The project has been spearheaded by Carnegie Mellon University, whose CREATE Lab developed the camera technology, and the Heinz Foundation. With the successful implementation of the first four Breathe Cams, the Allegheny County Health Department (ACHD) has taken notice. The ACHD Air Quality division has purchased its own Breathe Cam, which will be directed at the Shenango Coke Works facility and used to support better enforcement of air quality regulations.

Louisville: While Pittsburgh is monitoring the source of the problem — air pollution — Louisville, Ky., is taking an innovative approach to tracking and mapping the health outcomes.
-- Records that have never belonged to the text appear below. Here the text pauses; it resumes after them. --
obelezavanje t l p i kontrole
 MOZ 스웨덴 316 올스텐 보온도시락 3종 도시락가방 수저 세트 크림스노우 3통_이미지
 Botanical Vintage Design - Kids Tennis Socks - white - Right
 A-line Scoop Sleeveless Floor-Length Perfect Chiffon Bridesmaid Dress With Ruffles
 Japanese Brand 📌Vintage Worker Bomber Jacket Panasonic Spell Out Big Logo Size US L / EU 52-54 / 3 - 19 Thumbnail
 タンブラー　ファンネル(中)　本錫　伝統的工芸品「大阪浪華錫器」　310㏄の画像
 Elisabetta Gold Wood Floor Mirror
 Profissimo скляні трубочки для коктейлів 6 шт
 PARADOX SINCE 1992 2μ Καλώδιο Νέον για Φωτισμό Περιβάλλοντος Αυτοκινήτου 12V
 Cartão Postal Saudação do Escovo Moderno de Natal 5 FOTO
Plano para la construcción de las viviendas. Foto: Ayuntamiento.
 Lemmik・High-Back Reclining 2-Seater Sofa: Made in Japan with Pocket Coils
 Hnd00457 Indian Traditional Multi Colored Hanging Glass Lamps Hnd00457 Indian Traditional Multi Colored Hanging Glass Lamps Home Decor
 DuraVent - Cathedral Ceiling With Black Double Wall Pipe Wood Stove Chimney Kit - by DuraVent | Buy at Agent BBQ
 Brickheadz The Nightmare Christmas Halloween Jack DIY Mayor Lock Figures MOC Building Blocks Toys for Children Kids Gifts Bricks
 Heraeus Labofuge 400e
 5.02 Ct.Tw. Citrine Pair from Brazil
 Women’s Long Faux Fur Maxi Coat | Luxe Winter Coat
A program called AIR Louisville, launched in 2012, uses GPS devices embedded in inhalers to collect data on where and when people with asthma are particularly affected.

According to the CDC, 26 million Americans suffer from asthma, and the weather conditions in Louisville make the problem of asthma particularly acute: 10-15 percent of adults in the city are affected, compared to 8.4 percent nationwide. As chief innovation officer, Ted Smith saw a chance to leverage a new technology to gain a better understanding of where and how frequently citizens were suffering symptoms. Partnering with Propeller Health, the city launched AIR Louisville with funding from foundations and local health-care organizations. The program has enrolled 300 participants and plans to expand by an additional 500-2,000 users in the coming year.

Using the 5,400 datapoints collected over the 13 months of the initial phase, Propeller Health and Louisville are now conducting analysis to identify hot spots — clusters of inhaler use, indicating areas with particularly bad air quality — and other patterns in the data, which will inform policy. In addition to helping the city target its air quality programs, Asthmapolis also serves the individual users, providing personalized analysis of inhaler use to participants and their doctors. Although the program is still in its early stages, it represents a remarkable opportunity for data collection: Prior to Asthmapolis, the data available on asthma was limited to national surveys and aggregated hospital data. As the program expands, Louisville will be able to take a proactive, data-driven approach to addressing air quality issues.

Measures of air quality have existed for decades. The Air Quality Index, developed in 1968, remains a valuable and widely used standard for signaling potentially hazardous levels of pollution to local officials and residents. But the development of more advanced sensors, analytics and communication tools is allowing these cities to make citizens more aware, engage residents in reducing pollution and address the health outcomes of poor air quality. By distributing the data-collection network throughout the city — on lampposts or in the hands of citizens — cities can develop smarter, more timely responses to pollution and help ensure cleaner air for all residents.